Les officiers et responsables politiques touaregs qui sont encore dominés par des sentiments compréhensibles liés aux vicissitudes du passé doivent se ressaisir et garder leur lucidité sur la marche politique de l’Histoire. Nous avons vu par le passé que, quand l’État s’en prend aux Touaregs, il ne fait jamais la différence entre les tribus. Les auxiliaires du système ont souvent connu le même sort que ceux qui sont taxés d’ennemis par les tenants du pouvoir. L’Histoire récente est riche d’enseignements en la matière.

Dans l’Histoire des peuples, ceux qui jouent contre leurs « groupes naturels » finissent toujours par être marginalisés, voire éliminés, y compris par ceux qui les ont utilisés. Le manipulateur a rarement de la considération pour celui qui se prête à ce jeu !!! Aucun fondement juridique ou politique ne justifie que des Touaregs acceptent de combattre leurs frères pour préserver un système qui les a toujours marginalisés et massacrés sans discernement !!!

En envoyant des Touaregs combattre d’autres Touaregs, le Mali reconnaît son incapacité à sécuriser et administrer l’Azawad.

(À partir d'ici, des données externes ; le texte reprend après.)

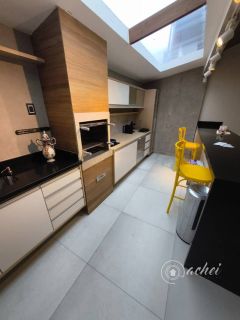 Casa 3 suítes em Buraquinho - Porteira Fechada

Il appartiendra demain aux Touaregs qui se combattent aujourd’hui d’élaborer ensemble la stratégie de survie qui leur permettra d’être identifiés comme des acteurs crédibles et capables d’assumer de manière libre leurs responsabilités historiques envers leur peuple.

Pour rappel : l’État malien a massacré au cours des années 90 plus de 10 000 Touaregs et Maures sur le million que compte le pays. C’est comme s’il massacrait 100 000 Maliens toutes ethnies confondues. Ou que l’État français massacrait 600 000 de ses citoyens !!!!!